The EditorsWhile the Bush Administration continues to build an international coalition it hopes will allow it to strike back effectively at those responsible for the September 11 attacks, three issues that helped set the stage for those atrocious crimes must be dealt with.
The first is the troublesome question of Israel and Palestine. Last year the two came within a hair’s breadth of a land-for-peace deal. It failed, and Ariel Sharon’s first instinct after the September 11 attacks was to cancel further meetings with the Palestinians–exactly the wrong instinct, and one now haltingly reversed by pressure from Shimon Peres and the White House. But until that deal is signed–and the two peoples accept the resulting settlement, however imperfect–there can be no peace or security for any of us. Such a deal may finally require a long-term multinational peacekeeping force placed between the two, but its cost, however great, is less than we will all bear if we do not find resolution to this central issue.
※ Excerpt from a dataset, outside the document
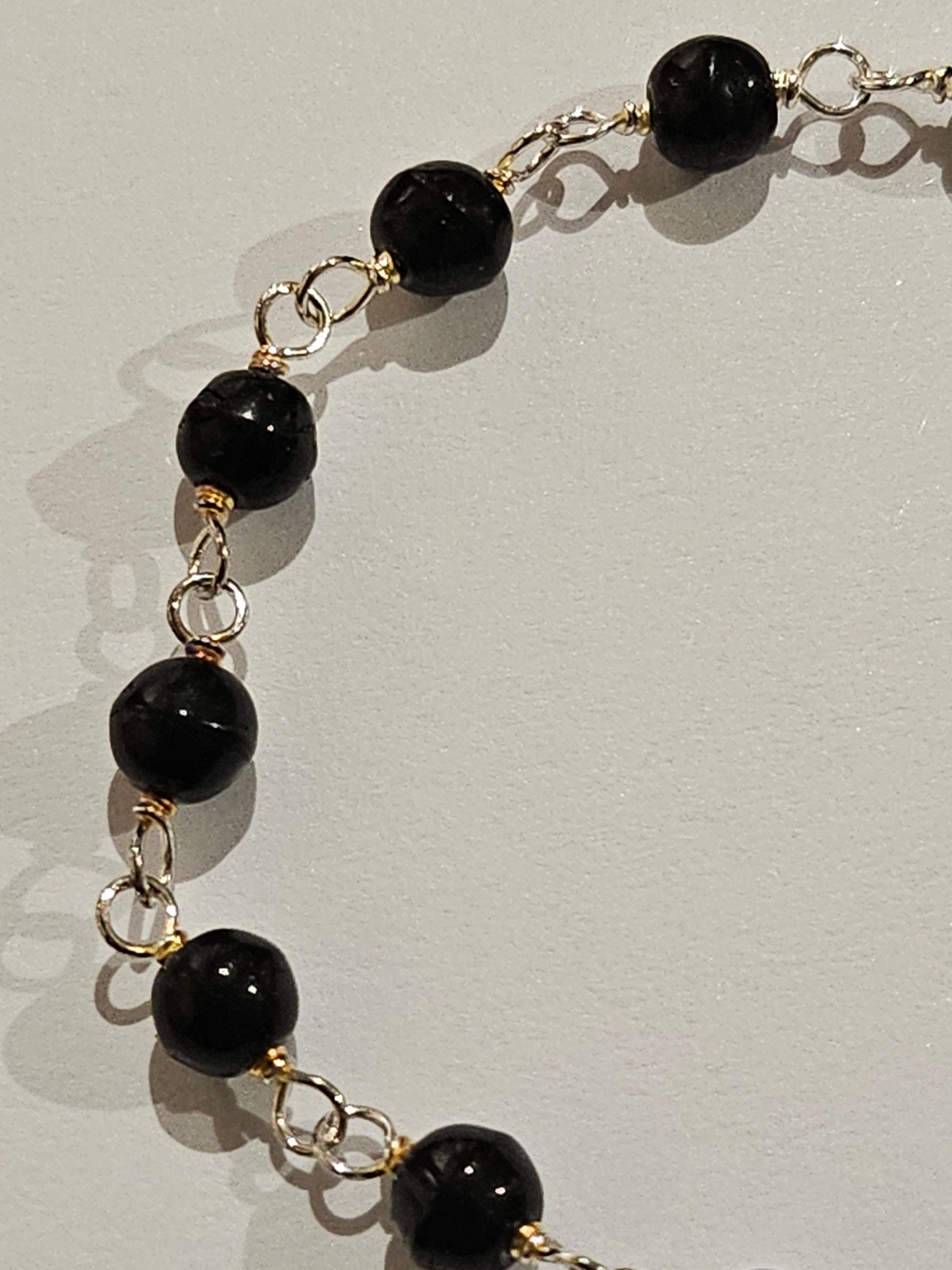 S/SBracelet with Onyx Stones - 408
Second is the matter of governance. One hardly needs intimate familiarity with the human rights records of governments from Morocco in the West to Pakistan in the East to realize that many of America’s allies and enemies alike fail the most minimal tests of democracy and human decency–and that they must change. This is not to advocate invasion, CIA subversion or Iraq-style embargoes but rather to support concerted multilateral action that expands pressures for political and social reform and that works with forces within those countries toward that end. Nothing will come quickly or without risk, but to leave intact the power arrangements of the Middle East–as we did in the wake of the Gulf War–invites the worst possible outcome. Terrorists are bred most easily among terrorized and humiliated peoples.
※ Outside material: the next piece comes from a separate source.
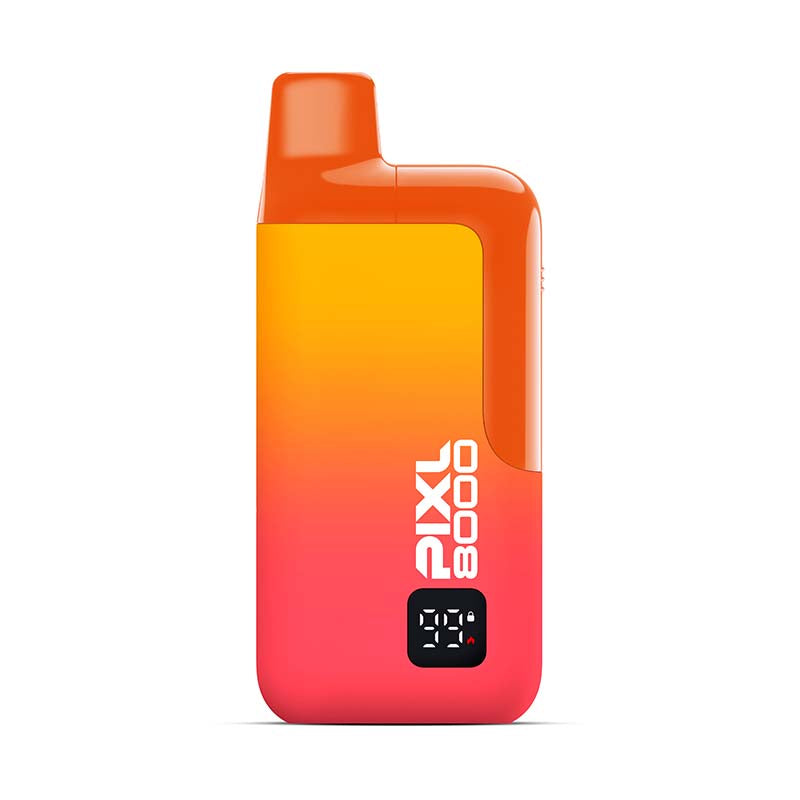 Orange and red vape device with 'Pixl 8000' branding on a white background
Finally there is the issue of economic development and aid. There are a billion Muslims, most of them desperately poor, and most living in a swath of the globe stretching from the Strait of Gibraltar east to the Indonesian archipelago. In the days following September 11, Congress authorized $40 billion in emergency funds without debate, then $15 billion for US airlines, and George W. Bush has now proposed spending up to $75 billion more. Given such numbers, and with the economies of America, Europe and Japan producing more than $20 trillion a year, why pretend that we can do no more than promote failed “structural adjustment” programs?
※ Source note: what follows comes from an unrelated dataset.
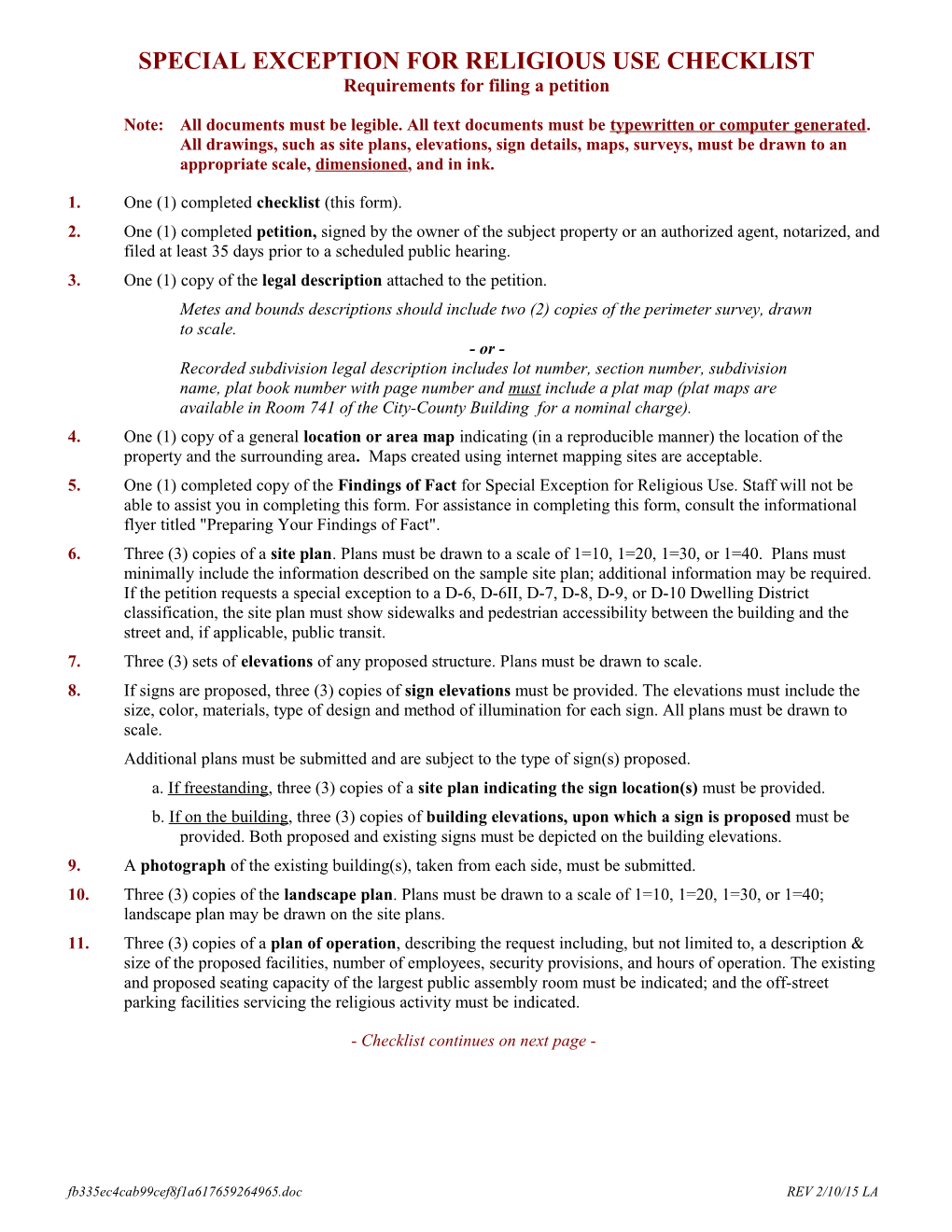 1. One (1) Completed Checklist (This Form)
As it readies for war, America would do well to remember that 3 billion human beings live on less than $2 a day, and at least 10 million die of easily preventable disease and malnutrition each year. Then there is the global impact of the terrorist attacks and US-led preparations for retaliation. James Wolfensohn, president of the World Bank, predicts a “largely unseen” human toll, estimating that “between 20,000 and 40,000 more children will die worldwide and some 10 million people will be condemned to live below the poverty line of $1 a day.” Wolfensohn attributes these effects to severe drops in commodity prices and a burgeoning global recession; a World Bank study predicts 2001 growth of less than 1 percent in the industrialized countries.
Even if Osama bin Laden is dead next year, given such realities, no new airport security measures or Special Forces deployments or missile defense shields will protect us from those who arise to take his place. Instead, we must re-engage with the world, attacking not the enemies we cannot see but the enemies we can. We need what has been called a “new era of global Keynesianism”–a commitment to relieving the globe’s most fundamental problems of food and health and joblessness. That, plus a stiff dose of political fairness and human rights, offers the best antidote to terrorism.